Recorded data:
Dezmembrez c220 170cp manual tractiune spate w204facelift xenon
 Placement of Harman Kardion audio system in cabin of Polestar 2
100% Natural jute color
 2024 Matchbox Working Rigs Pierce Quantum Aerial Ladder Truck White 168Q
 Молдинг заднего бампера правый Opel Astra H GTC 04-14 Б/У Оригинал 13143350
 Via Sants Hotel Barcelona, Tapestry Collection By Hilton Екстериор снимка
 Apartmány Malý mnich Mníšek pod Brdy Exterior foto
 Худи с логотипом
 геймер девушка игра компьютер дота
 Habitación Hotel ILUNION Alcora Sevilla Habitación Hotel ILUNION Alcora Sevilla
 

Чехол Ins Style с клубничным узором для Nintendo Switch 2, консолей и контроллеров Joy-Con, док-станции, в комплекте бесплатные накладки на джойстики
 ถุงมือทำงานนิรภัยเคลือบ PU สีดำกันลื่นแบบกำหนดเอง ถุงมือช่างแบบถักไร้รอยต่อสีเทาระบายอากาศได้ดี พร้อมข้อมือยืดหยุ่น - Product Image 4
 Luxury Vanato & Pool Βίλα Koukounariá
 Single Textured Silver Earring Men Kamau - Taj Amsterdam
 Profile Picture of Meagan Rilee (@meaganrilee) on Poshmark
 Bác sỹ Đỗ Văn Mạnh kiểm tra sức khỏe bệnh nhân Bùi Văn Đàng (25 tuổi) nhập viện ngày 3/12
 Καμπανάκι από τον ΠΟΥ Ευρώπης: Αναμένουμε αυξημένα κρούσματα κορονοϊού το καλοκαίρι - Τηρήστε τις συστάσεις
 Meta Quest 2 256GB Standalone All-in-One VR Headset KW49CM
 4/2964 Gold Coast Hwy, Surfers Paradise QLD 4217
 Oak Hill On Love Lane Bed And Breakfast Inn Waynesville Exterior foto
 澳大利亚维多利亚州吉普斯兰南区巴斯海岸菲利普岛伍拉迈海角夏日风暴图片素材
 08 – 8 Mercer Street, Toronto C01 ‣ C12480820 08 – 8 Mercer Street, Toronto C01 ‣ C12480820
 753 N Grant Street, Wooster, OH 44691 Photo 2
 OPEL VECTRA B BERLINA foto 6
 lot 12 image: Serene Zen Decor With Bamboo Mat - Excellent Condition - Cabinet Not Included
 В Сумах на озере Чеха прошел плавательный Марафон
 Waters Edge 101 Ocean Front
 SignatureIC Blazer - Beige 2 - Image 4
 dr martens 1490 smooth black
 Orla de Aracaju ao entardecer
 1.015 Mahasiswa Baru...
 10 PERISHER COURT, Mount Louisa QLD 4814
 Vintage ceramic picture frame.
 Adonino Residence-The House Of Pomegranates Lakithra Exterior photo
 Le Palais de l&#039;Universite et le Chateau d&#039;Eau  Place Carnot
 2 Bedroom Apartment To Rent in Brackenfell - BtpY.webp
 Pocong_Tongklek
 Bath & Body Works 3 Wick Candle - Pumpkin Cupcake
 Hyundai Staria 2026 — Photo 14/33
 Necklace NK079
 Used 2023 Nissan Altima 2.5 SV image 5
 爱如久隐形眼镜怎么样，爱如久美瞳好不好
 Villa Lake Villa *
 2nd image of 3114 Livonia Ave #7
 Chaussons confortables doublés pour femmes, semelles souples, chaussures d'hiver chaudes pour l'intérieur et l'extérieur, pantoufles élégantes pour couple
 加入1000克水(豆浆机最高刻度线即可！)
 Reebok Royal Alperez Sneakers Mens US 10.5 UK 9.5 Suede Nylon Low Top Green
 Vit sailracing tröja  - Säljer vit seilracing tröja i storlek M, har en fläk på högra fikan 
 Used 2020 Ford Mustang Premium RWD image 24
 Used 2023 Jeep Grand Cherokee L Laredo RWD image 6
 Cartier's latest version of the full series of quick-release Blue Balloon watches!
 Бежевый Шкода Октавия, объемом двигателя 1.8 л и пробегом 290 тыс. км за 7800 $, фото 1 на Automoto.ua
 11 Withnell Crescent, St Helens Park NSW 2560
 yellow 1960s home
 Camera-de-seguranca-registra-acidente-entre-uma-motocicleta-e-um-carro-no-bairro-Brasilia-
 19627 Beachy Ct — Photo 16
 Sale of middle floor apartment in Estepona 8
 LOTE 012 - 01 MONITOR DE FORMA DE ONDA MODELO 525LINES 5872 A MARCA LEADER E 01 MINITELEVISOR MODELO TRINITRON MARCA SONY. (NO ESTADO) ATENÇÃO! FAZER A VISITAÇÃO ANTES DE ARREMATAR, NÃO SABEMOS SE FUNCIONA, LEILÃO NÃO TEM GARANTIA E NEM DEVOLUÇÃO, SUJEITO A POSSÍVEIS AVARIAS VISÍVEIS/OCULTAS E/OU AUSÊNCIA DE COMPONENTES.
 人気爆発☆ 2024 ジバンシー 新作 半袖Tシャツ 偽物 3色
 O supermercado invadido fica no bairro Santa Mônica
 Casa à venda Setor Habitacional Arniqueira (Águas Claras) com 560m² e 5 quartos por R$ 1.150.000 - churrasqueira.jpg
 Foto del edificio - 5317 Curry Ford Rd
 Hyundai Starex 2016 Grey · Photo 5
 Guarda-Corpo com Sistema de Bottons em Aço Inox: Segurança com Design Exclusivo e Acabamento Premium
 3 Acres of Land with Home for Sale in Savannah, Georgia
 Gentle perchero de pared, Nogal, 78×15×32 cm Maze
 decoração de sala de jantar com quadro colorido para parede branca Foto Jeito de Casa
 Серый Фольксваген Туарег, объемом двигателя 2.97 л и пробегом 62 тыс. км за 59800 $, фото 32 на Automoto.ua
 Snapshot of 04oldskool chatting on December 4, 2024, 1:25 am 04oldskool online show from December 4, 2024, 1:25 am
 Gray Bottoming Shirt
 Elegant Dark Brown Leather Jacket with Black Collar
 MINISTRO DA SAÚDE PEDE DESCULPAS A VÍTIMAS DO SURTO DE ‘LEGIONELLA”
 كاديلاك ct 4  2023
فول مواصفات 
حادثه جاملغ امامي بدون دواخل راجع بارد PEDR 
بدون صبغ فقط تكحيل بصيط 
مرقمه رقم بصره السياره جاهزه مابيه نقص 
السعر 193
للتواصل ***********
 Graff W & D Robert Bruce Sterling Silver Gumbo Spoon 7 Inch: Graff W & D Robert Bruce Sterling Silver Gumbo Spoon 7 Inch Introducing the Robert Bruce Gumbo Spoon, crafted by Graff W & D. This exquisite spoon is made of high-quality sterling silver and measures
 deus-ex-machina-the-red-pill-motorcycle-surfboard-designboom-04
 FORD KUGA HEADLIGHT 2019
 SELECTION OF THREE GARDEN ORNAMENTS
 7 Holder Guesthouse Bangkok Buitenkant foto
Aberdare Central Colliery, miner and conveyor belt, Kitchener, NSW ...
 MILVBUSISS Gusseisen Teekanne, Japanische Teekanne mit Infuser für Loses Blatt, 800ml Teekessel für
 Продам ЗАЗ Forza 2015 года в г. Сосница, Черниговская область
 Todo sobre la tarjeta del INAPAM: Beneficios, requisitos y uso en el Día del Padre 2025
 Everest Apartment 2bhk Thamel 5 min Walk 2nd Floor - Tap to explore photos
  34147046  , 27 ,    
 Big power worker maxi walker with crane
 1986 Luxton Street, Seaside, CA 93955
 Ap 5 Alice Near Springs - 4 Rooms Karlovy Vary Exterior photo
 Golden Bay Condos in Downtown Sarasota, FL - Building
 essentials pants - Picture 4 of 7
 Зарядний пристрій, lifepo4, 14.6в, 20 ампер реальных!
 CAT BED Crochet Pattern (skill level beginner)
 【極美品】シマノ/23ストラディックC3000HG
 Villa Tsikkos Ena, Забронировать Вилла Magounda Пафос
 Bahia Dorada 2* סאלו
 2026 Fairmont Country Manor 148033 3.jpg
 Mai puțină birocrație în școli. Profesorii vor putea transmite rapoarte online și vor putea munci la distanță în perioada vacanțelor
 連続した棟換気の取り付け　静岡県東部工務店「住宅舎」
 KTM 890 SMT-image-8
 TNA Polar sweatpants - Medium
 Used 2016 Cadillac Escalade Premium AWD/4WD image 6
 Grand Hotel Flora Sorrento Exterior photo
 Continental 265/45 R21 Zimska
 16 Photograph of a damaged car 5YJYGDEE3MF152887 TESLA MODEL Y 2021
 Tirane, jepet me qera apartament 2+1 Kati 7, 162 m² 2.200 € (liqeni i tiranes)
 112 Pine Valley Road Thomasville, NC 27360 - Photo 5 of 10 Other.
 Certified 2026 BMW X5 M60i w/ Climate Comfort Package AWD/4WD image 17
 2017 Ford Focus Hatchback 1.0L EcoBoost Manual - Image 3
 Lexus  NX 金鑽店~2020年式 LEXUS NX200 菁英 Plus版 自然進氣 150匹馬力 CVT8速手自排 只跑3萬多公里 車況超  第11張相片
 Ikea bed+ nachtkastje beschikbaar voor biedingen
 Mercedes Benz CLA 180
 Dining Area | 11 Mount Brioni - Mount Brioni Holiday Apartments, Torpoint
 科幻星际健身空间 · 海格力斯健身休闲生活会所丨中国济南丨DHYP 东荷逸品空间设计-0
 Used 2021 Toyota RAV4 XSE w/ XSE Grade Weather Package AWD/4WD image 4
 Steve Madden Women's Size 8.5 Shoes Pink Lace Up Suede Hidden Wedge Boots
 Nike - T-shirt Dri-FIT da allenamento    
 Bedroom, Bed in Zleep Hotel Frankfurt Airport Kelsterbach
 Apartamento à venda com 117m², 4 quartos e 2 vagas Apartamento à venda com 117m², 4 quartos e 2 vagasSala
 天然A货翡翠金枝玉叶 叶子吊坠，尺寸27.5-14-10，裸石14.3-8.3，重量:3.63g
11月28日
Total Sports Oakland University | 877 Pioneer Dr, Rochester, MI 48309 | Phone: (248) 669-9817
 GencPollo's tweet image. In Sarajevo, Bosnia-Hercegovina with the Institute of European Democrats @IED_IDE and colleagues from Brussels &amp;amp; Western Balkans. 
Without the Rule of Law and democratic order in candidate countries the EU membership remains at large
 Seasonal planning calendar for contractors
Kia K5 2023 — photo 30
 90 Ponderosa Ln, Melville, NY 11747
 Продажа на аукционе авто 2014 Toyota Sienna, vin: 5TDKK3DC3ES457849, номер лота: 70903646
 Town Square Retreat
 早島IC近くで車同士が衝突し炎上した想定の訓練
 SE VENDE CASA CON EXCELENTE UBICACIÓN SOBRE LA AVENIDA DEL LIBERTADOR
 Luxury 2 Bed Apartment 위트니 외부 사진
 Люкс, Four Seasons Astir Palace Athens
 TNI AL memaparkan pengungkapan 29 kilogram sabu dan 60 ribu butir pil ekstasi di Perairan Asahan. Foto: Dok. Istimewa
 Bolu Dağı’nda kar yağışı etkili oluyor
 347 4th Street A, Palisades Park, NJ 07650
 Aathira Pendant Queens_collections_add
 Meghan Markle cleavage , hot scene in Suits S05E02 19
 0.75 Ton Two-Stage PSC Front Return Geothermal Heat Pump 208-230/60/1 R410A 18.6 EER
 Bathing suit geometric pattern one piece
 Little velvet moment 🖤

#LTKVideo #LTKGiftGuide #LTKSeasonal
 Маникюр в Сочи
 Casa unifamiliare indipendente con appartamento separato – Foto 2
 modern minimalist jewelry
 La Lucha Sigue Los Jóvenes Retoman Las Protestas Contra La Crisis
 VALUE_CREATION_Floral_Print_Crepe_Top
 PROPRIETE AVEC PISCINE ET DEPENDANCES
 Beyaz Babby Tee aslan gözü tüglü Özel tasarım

**What is required**
Would you please copy exactly the part of the entries above that begins at the line containing "Big power worker maxi walker with crane" and ends at the line containing "Nike - T-shirt Dri-FIT da allenamento", both lines included?

**Answer to this problem**
 Big power worker maxi walker with crane
 1986 Luxton Street, Seaside, CA 93955
 Ap 5 Alice Near Springs - 4 Rooms Karlovy Vary Exterior photo
 Golden Bay Condos in Downtown Sarasota, FL - Building
 essentials pants - Picture 4 of 7
 Зарядний пристрій, lifepo4, 14.6в, 20 ампер реальных!
 CAT BED Crochet Pattern (skill level beginner)
 【極美品】シマノ/23ストラディックC3000HG
 Villa Tsikkos Ena, Забронировать Вилла Magounda Пафос
 Bahia Dorada 2* סאלו
 2026 Fairmont Country Manor 148033 3.jpg
 Mai puțină birocrație în școli. Profesorii vor putea transmite rapoarte online și vor putea munci la distanță în perioada vacanțelor
 連続した棟換気の取り付け　静岡県東部工務店「住宅舎」
 KTM 890 SMT-image-8
 TNA Polar sweatpants - Medium
 Used 2016 Cadillac Escalade Premium AWD/4WD image 6
 Grand Hotel Flora Sorrento Exterior photo
 Continental 265/45 R21 Zimska
 16 Photograph of a damaged car 5YJYGDEE3MF152887 TESLA MODEL Y 2021
 Tirane, jepet me qera apartament 2+1 Kati 7, 162 m² 2.200 € (liqeni i tiranes)
 112 Pine Valley Road Thomasville, NC 27360 - Photo 5 of 10 Other.
 Certified 2026 BMW X5 M60i w/ Climate Comfort Package AWD/4WD image 17
 2017 Ford Focus Hatchback 1.0L EcoBoost Manual - Image 3
 Lexus  NX 金鑽店~2020年式 LEXUS NX200 菁英 Plus版 自然進氣 150匹馬力 CVT8速手自排 只跑3萬多公里 車況超  第11張相片
 Ikea bed+ nachtkastje beschikbaar voor biedingen
 Mercedes Benz CLA 180
 Dining Area | 11 Mount Brioni - Mount Brioni Holiday Apartments, Torpoint
 科幻星际健身空间 · 海格力斯健身休闲生活会所丨中国济南丨DHYP 东荷逸品空间设计-0
 Used 2021 Toyota RAV4 XSE w/ XSE Grade Weather Package AWD/4WD image 4
 Steve Madden Women's Size 8.5 Shoes Pink Lace Up Suede Hidden Wedge Boots
 Nike - T-shirt Dri-FIT da allenamento    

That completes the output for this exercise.